• **Provided data**
=== Section Start ===

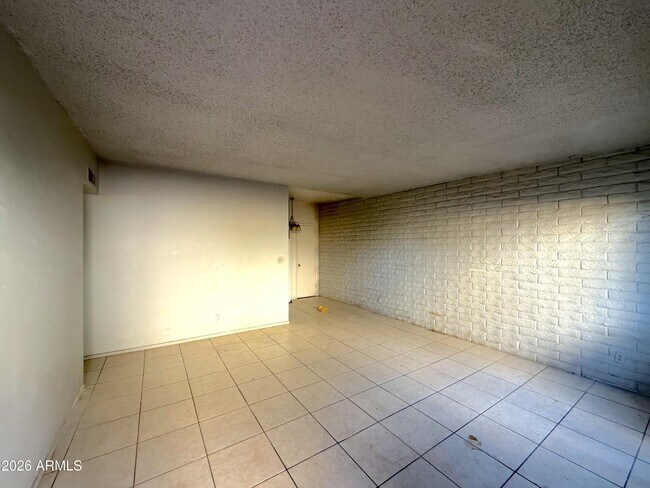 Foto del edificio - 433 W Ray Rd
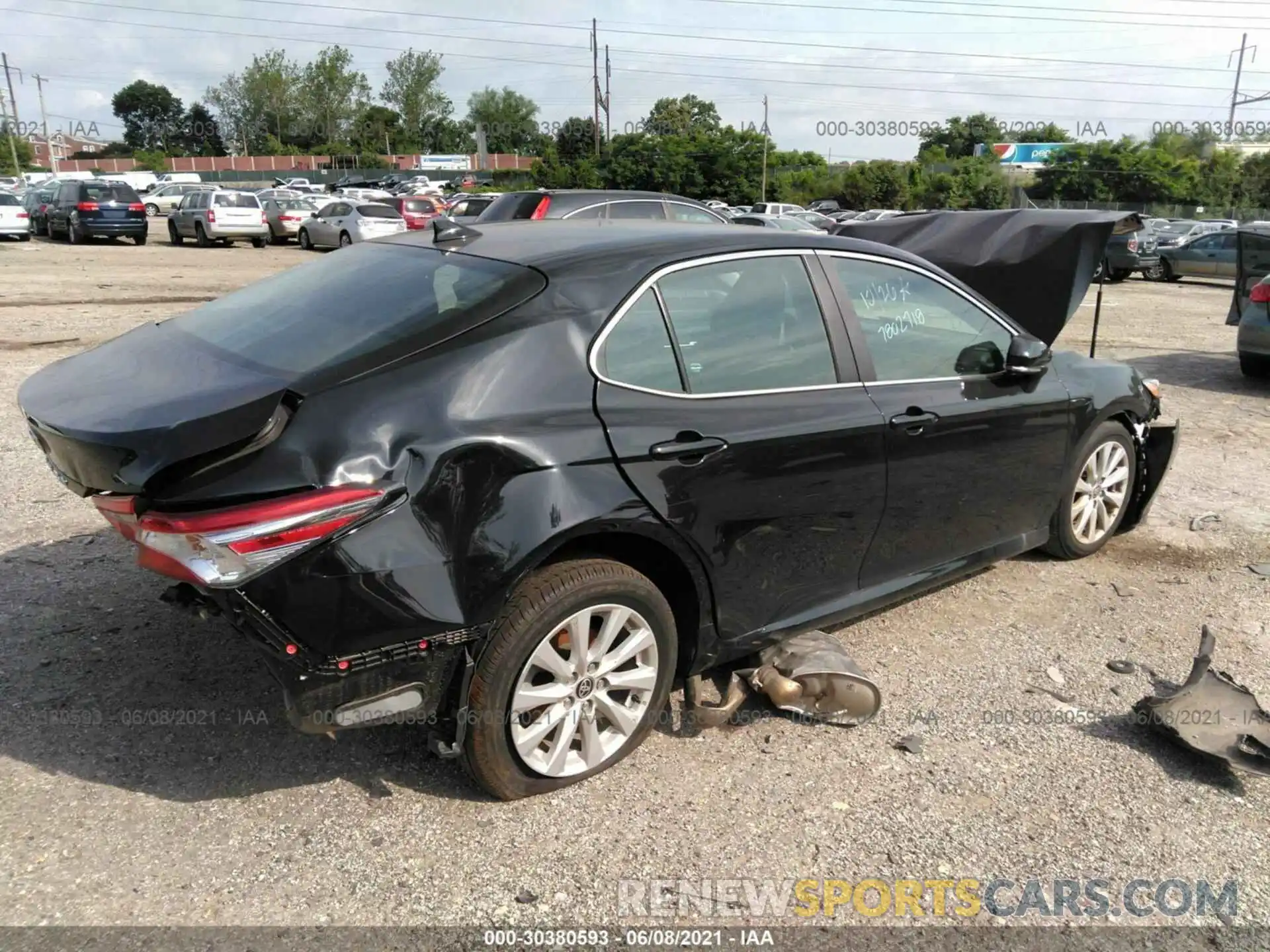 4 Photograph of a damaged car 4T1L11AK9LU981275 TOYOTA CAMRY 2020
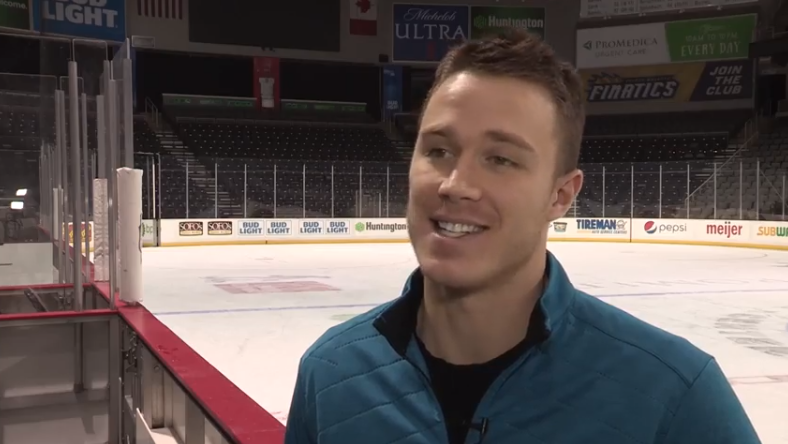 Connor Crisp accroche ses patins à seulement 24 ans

=== Section End ===

• **Required work**
Output the full listing above exactly, excluding all pictures.

• **Result**
 Foto del edificio - 433 W Ray Rd
 4 Photograph of a damaged car 4T1L11AK9LU981275 TOYOTA CAMRY 2020
 Connor Crisp accroche ses patins à seulement 24 ans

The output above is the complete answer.